Thursday, March 4, 2010

Isramart : EPA fights back over right to regulate carbon

Isramart news:


The EPA has signalled it will resist legislative moves designed to strip it of its authority to regulate carbon emissions, warning that Congress risked undermining both the work of climate scientists and the way US climate policy is perceived.

Writing in response to a letter from eight senators requesting information on the EPA's plans to regulate carbon emissions, and the likely impact of Republican senator Lisa Murkowski's attempts to engineer a vote that could remove the agency's right to regulate emissions, EPA administrator Lisa Jackson warned that reversing the endangerment finding which gives the agency the right to regulate carbon emissions under the Clean Air Act would have wide-reaching repercussions.

"A vote to violate the greenhouse-gas endangerment finding would be viewed by many as a vote to reject the scientific work of the 13 US government departments that contribute to the US Global Climate Research Program," she wrote. "It would also be viewed by many as a vote to move the United States to a position behind that of China on the issue of climate change, and more in line with the position of Saudi Arabia."
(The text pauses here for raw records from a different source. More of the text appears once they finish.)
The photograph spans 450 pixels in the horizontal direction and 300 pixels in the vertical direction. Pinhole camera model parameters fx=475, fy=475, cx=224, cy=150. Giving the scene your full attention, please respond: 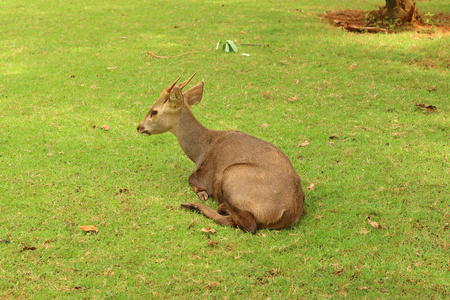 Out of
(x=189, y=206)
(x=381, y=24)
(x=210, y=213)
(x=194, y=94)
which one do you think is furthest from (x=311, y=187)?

Last month, Murkowski tabled a little-used legislative measure known as a motion of disapproval, which would aim to block what she described as "the EPA's efforts to impose back-door climate regulations".

Observers said the move was likely to fail, but it has sparked off a host of separate legal challenges to the EPA's endangerment finding in recent weeks and an aide told Reuters that Murkowski could demand a vote on her bill within the next month.

Writing in her response to the senators' letter, Jackson said that if Murkowski was successful it would strip the EPA of its right to impose new fuel-efficiency standards on vehicles, resurrecting the prospect of different states imposing different vehicle standards.

She warned that a successful vote would "undo a historic agreement among states, automakers, the Federal government and other stakeholders", adding that "California and at least 13 other states… would enforce those standards within their jurisdictions, leaving the automobile industry without the explicit nationwide uniformity that it has described as important to its business.

The letter to the EPA was orchestrated by senator Jay Rockefeller, a Democrat from coal-rich West Virginia, who is thought to be preparing a compromise position that would block the EPA from regulating carbon emissions for a period of two or three years, giving Congress more time to deliver specific carbon emission regulations.

"EPA actions in this area would have enormous implications on clean coal state economies, and these issues need to be handled carefully and appropriately dealt with by the Congress, not in isolation by a Federal environmental agency, " he said in a statement.

In a signal that the EPA is responding to concerns over how new regulations could impact the recovery, Jackson confirmed that new rules requiring carbon-intensive plants to obtain permits proving they are using the most carbon-efficient technology available would be phased in gradually.

She said that no facility would be required to address greenhouse gas emissions in Clean Air Act permitting of new construction or modifications before 2011. She also revealed that the EPA was considering raising the threshold for plants covered by the new rules from the current level of 25,000 tonnes of greenhouse gases a year.

David Doniger, policy director for the Climate Center at the Natural Resources Defense Council, said the EPA was right to defend its endangerment finding and subsequent right to regulate greenhouse gas emissions.

"Using the Clean Air Act to reduce carbon pollution requires nothing different than what we've repeatedly done over the course of four decades for other kinds of pollution: follow the science, act when pollution endangers our health and welfare, and use available and affordable technology to clean up vehicles, power plants and other big pollution sources," he said. "It's practical, effective, affordable – and it works."